Powering rockets from Arnhem to space
Power generation and temperature control company Aggreko has been contracted to supply the critical temporary power to enable NASA to launch three suborbital sounding rockets, the first of which successfully took off at 12:30 am on Monday, 27 June from Arnhem Space Centre (ASC) in the Northern Territory. Given the space centre’s remote East Arnhem Land location, there is no access to mains power.
The ASC’s owner and operator, Equatorial Launch Australia (ELA), will conduct astrophysics studies that are only possible from the Southern Hemisphere. This is the first time NASA has undertaken a launch from a commercial launch facility outside of the US.
Since the construction phase in November 2021, Aggreko has provided around 220 hours of hire prep, technical support, servicing, repairs and maintenance. There is currently 1.5 MW of temporary power and 250 kW of air conditioning onsite, which enables the use of offices, ablutions facilities, accommodations, kitchens, workshops and technological equipment such as satellites and communication devices.
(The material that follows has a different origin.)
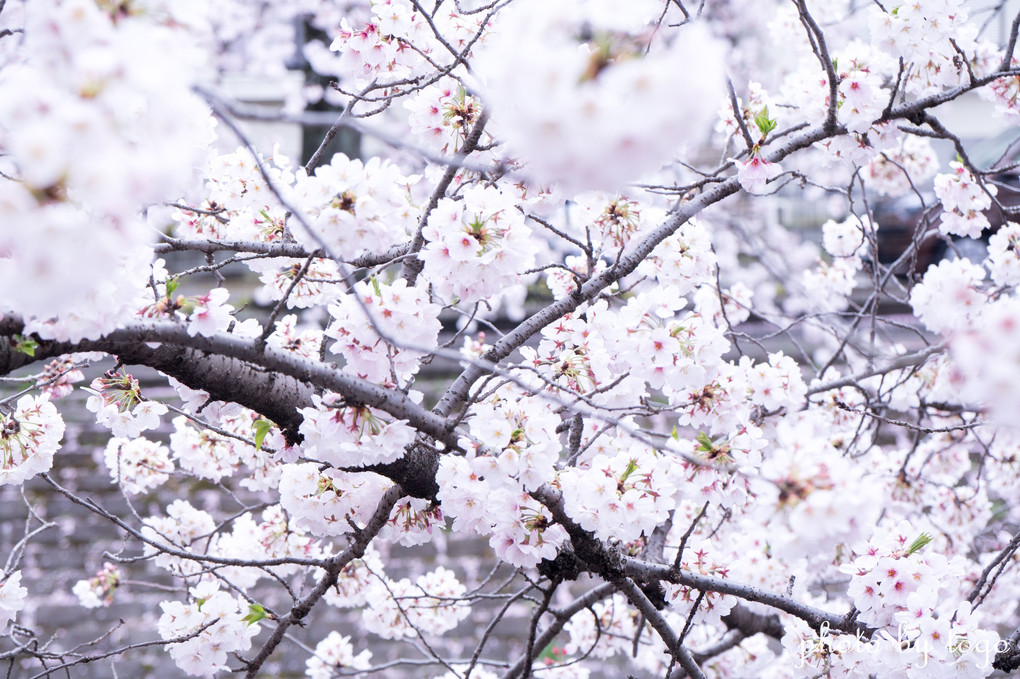 桜の星々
The most critical part of Aggreko’s contract was providing the power to get the rocket off the ground. Michael Jones, Executive Chairman and Group CEO of ELA, said, “I really want to acknowledge the support of not only NASA, but our staff, investors and suppliers. The three NASA launches marks the end of the first stage of the development of both the ASC spaceport and ELA as a world-class launch services company.”
The spaceport sits on Yolngu-owned land, the lease of which sits with the Gumatj Aboriginal Corporation, which represents one of the Gove Peninsula’s most powerful clan groups, the Gumatj, who have sub-leased it to ELA.
The corporation stated, “The Gumatj people have enjoyed working with ELA, NASA and Aggreko on this project, on our land. Quite simply, without Aggreko, there would be no power for the space portal.
“This project is an opportunity for Gumatj and the residents of East Arnhem Land to be at the forefront of space technology in Australia.”
George Whyte, Managing Director Aggreko AusPac, said, “Our business is committed to making a positive difference to the lives and communities of Aboriginal and Torres Strait Islanders. Importantly, our involvement as the critical power supplier for this project further extends our efforts in the remote communities where Aggreko operates, such as Nhulunbuy.”
As a specialist in mobile, modular power, Aggreko has committed to net zero emissions by 2050. Whyte said environmental responsibility and new technology are changing the way electricity is generated, distributed, consumed, stored and monitored.